# Question on behalf of FOREX noob



## MrFizz (6 August 2017)

Hey guys,

This question may sound real dumb, but I've searched all over the internet and can't find the answer.

Looking to get into forex trading.

If I'm based in Australia, would I be trading currencies pairs that involve the aussie dollar? e.g. AUD/USD, AUD/JPY, EUR/AUD. Or could I trade other currencies not involving the aussie dollar, such as EUR/USD or USD/JPY???
Thanks in advance!!


----------



## CanOz (6 August 2017)

Nah you can trade anything....any of the pairs. The broker handles that part. IG markets is a fair deal and they've got a reasonable reputation.


----------



## rogblack (7 September 2017)

or precious metals a I do through Go Markets


----------



## T0BY (29 November 2017)

I thought about this the other day. Of course most forex traders use leverage, but if you didn't...
and let's say your account is based in AUD - you want to sell EURUSD.

The moment you open the position, you have converted your AUD to EUR (sold your AUD and bought EUR), and sold those EUR and bought USD.
You put your take profit on the EURUSD chart, 10 pips below where you got in and it gets hit 15 minutes later.
When the tp got hit (closed the position), you sell the USD, buy the EUR, and convert it back into AUD.

But  what if in those 15 minutes the EURUSD trade was open - the AUD went up against the EUR. It's possible you could even end up with a loss when it got back into your account (if AUD was stronger than the USD against the EUR at time the trade was closed from when it was opened).
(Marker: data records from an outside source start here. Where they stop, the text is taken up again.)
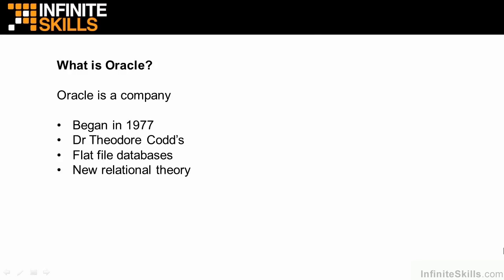In this lesson, we ask the question, what is Oracle? People in the IT industry talk about Oracle all the time. I work with Oracle, or we use Oracle. So what does that really mean? What is Oracle anyway?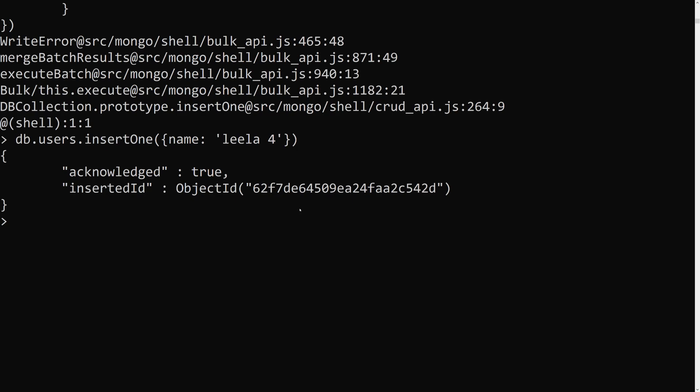If you don't provide an email, it will be inserted automatically without error. This is the usage of partial filter expression — not only for uniqueness, but also when you want to apply an index only to a particular set of documents matching a filter condition. Hope you understood about partial filter expression. If you have any doubts or suggestions, please post comments below. If you like this video, please subscribe to my channel. Thank you.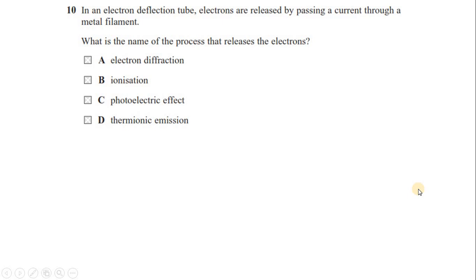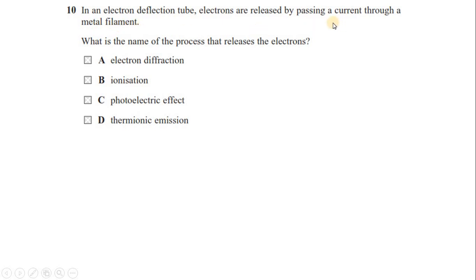Question 10: in an electron deflection tube, electrons are released by passing a current through a metal filament. The current heats the filament, which then releases electrons. The name of this process is thermionic emission. The answer is option D.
Not using leverage would complicate things a bit, but because most people use leverage (eg. 200:1) the AUD to EUR part is only 1:1 while the EURUSD trade is 200:1 or whatever..


----------



## T0BY (29 November 2017)

T0BY said:


> I thought about this the other day. Of course most forex traders use leverage, but if you didn't...
> and let's say your account is based in AUD - you want to sell EURUSD.
> 
> The moment you open the position, you have converted your AUD to EUR (sold your AUD and bought EUR), and sold those EUR and bought USD.
> ...



But what if I wanted to buy EURUSD? Would I buy USD with my AUD, and then use that USD to buy EUR? Wait, That doesn't sound right, there can only be one base currency. Alright, I'm confusing myself.


----------



## T0BY (1 December 2017)

The margin gets converted from AUD to EUR?


----------



## lastnight19 (4 December 2017)

MrFizz said:


> Hey guys,
> 
> This question may sound real dumb, but I've searched all over the internet and can't find the answer.
> 
> ...



Is it real question or joke?


----------



## TheDean (4 December 2017)

Simple Answer: Yes, you can trade other currencies not involving the Australian Dollar.


----------